/* Last edited on 2013-03-24 23:54:05 by stolfilocal *
/* Probability theory for the character grouper. */

/*

    For any candidate {W} with {n} elements {L[0..n-1]} we need to
    compute two numbers: the probability {PrT(W)} of a true word
    beginning with precisely those elements, and the probability
    {PrU(W)} of those {n} boxes being considered by the algorithm,
    whether they are . Then {PrF(W)} is {PrU(W)-PrT(W)}. The probability of
    {W} being the prefix of a true word is then {PrTrue(W)=
    PrT(W)/PrU(W)}.
    
    Note that {PrU(W)} is less than 1, and in fact all three quantities
    {PrT(W),PrF(W),PrU(W)} become vanishingly small as {n} increases,
    and could possibly underflow for linger text lines. In practice we
    work with the logarithms of those quantities, which grow only
    linearly with {n}.
    
    Computing {PrT(W)}
    
    In our model, the probability {PrT(W)} is easier to compute,
    although it has a complicated formula, because it is simply the
    product of several independent terms. Namely
    
      { PrT(L[0..n-1]) = 
          Pr0(n) \times
          Pr1(L[0]) \times
          Pr2(L[0],L[1]) \times
          \prod_{k=2}^{n-1} Pr3(L[k-2],L[k-1],L[k])
      }
      
    The length factor {Pr0(n)} 
      
    In the formula of {PrT(W)}, the factor {Pr0(n)} is the probability
    that {n} unspecified random elements are the first {n} elements of a
    word. That value is the expected number of words with {n} or more letters,
    divided by the expected number of sets of {n} distinct elements in
    the input set. 
    
    Let {NW} be the expected number of true words in the input, {avgLen}
    be the average number of letters per true word; the expected number
    of true elements (and of true boxes) is therefore {NT=NW*avgLen}.
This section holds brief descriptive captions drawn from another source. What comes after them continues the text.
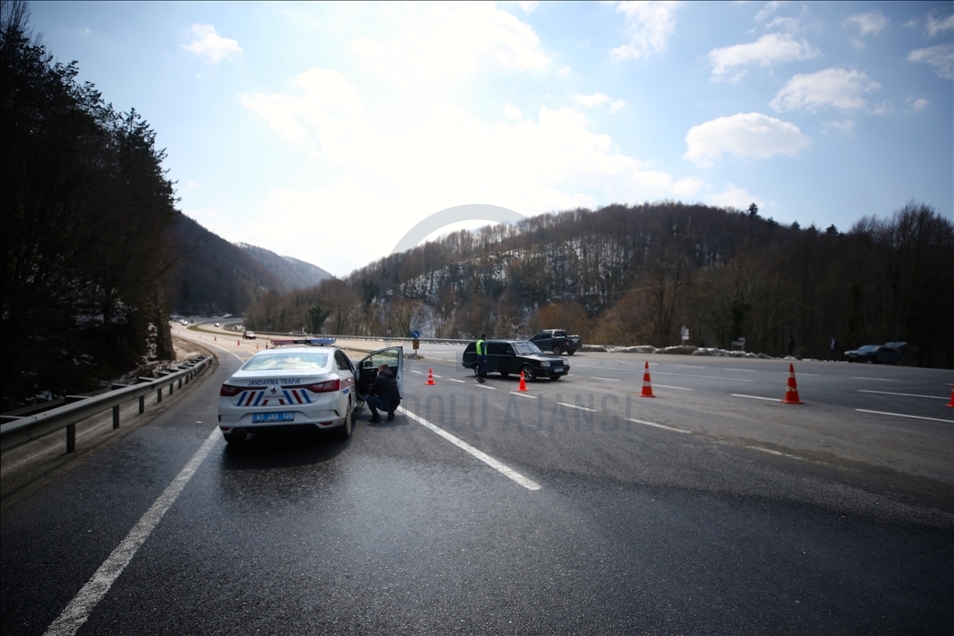 Heyelan ve çökme meydana gelen Batı Karadeniz bağlantı yolunda çalışma başlatıldı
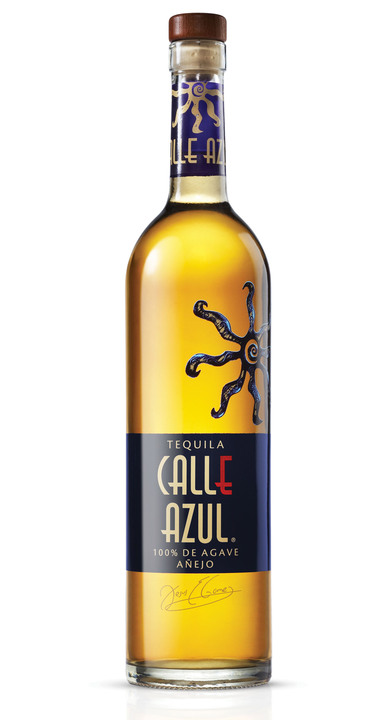 Bottle of Calle Azul Añejo
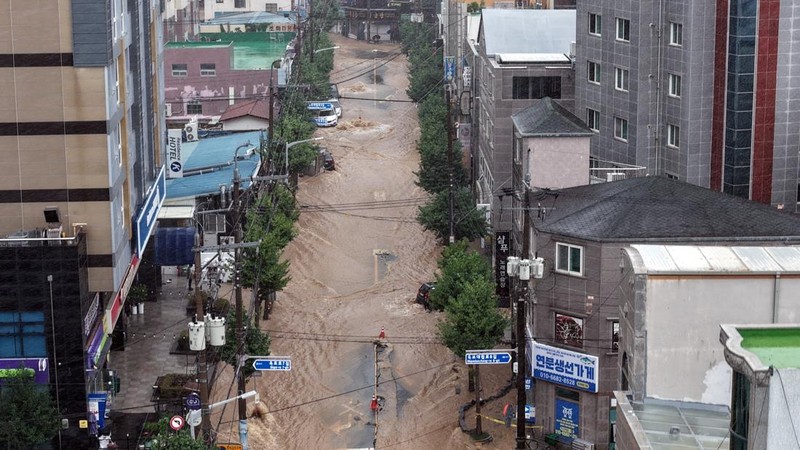 Hujan ekstrem mengguyur wilayah selatan Korea Selatan dengan curah hampir 1 meter sejak Sabtu (16/8/2026). (via REUTERS/YONHAP NEWS AGENCY)
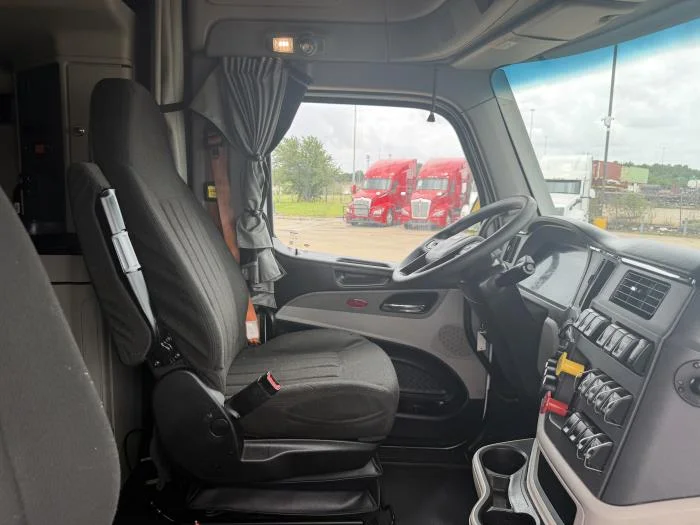 2022 Peterbilt 579 — photo 24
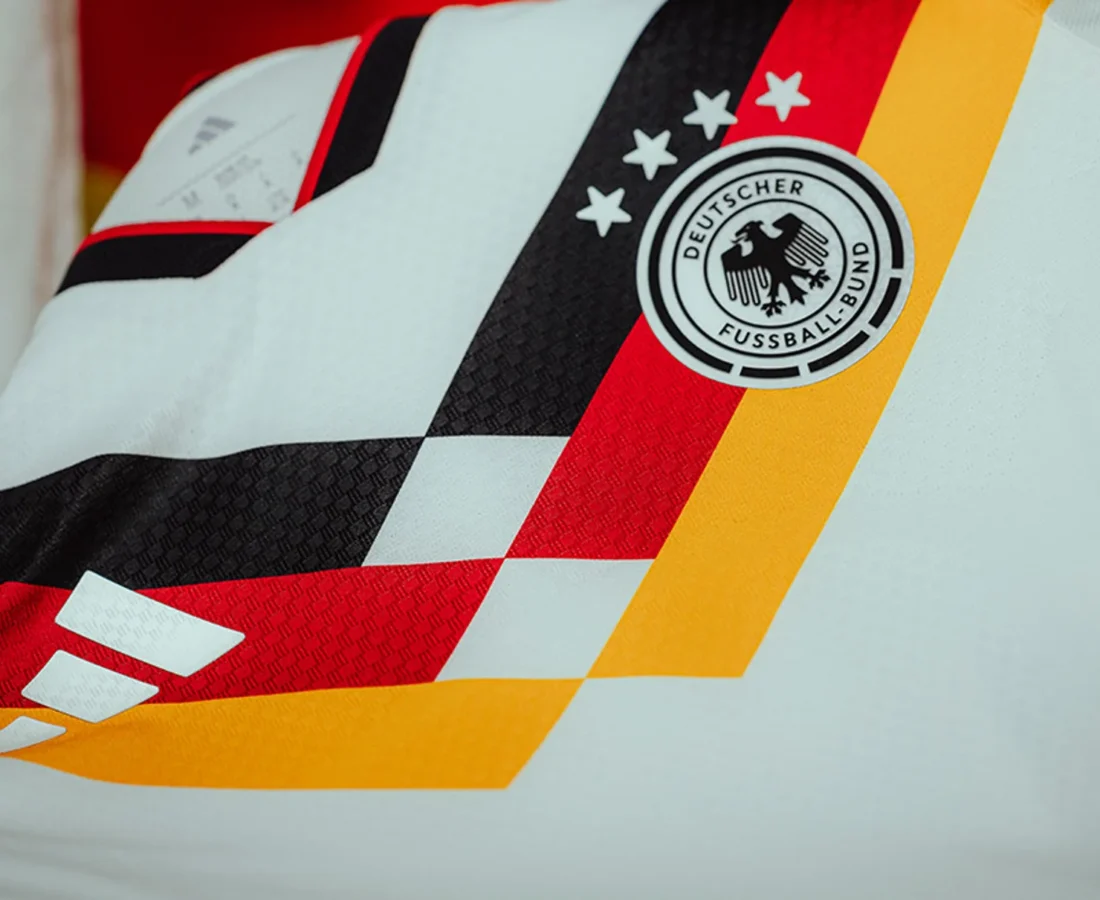 Alemania presenta su camiseta local para el Mundial 2026, inspirada en la de 1990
    For simplicity, we assume an exponential distribution of word
    lengths, so that there is a constant probability {pcont=1-1/avgLen}
    of a word continuing after any letter. Therefore the expected number
    of words with {n} or more letters is {NW*pcont^{n-1}}.
    
    Let {NF} be the number of false input boxes. A false element is
    either one built from a false box, or one built from a true box with
    the wrong asc/des bits. The number of false elements is therefore
    {4*NF+3*NT}, and the total number of elements is {NE=4*(NF+NT)}. The
    number of sets of {n} distinct elements is {choose(NE,n)}. Since {n}
    is much less than {NE}, we can approximate it by {NE^n/n!}.
    
    Thus we get {Pr0(n) = (NW/NE)(pcont/NE)^{n-1}/n!}.  This term
    can be computed incrementally by starting with {Pr0=NW/NE} after
    the first letter, and multiplyng by {pcont/NE/k} after appending the
    {k}th letter.
    
    The single-element factor {Pr1}
    
    The factor {Pr1(L[0]} is the probability of the first element of a
    true word having the bounding box {L[0].box} and ascender/descender
    bits element {L[0].asc,L[0].des}.
    
    In general, we assume that the value of {Pr1(L)} is independent of
    the position of the box {L.box} within the image. Therefore {Pr1(L)}
    depends only on the dimensions of {L.box} and asc/des bits. We
    assume that the height {h} of the /body/ (between {L.ytop} and
    {L.ybas}) is limited to the interval {[hmin _ hmax]}, where
    {hmin,hmax} are parameters specified by the client.
    
    This constraint and the asc/des bits define an integer range
    {hBmin..hBmax} for the box height {hB = L.iymax-L.iymin+1}. We also
    assume that the width {wB} of the box (which is the same as the body
    width {w}) is restricted to the interval {wBmin..wBmax]}, where
    {wBmin=ceil(h*rmin)}, {wBmax=floor(h*rmax)}, and {rmin,rmax} are
    bounds on the /body/ aspect ratio set by the client. Note that 
    {wBmin} and {wBmax} depend on {hB}. The probability
    {Pr1(L)} is the product of two discrete probability distributions, a
    uniform one for {hB}, namely {1/(hBmax-hBmin+1)}, and a humped
    distribution {J(wB,wBmin,wBmax)} for {wB} once fixed {hB}.
    
    The two-element factor {Pr2}
    
    The factor {Pr2(L[0],L[1])} is the probability of the second element of
    a true word having the bounding box and ascender/descender bits of
    element {L[1]}, given that the previous element was {L[0]}. That
    condition places constraints on the position and dimensions of {L[1]}
    that are different from those of the first element {L[0]}.
    
    In general, when computing {Pr2(L0,L1) the body height {h1} of {L1}
    is expected to be similar to the body height {h0} of {L0}.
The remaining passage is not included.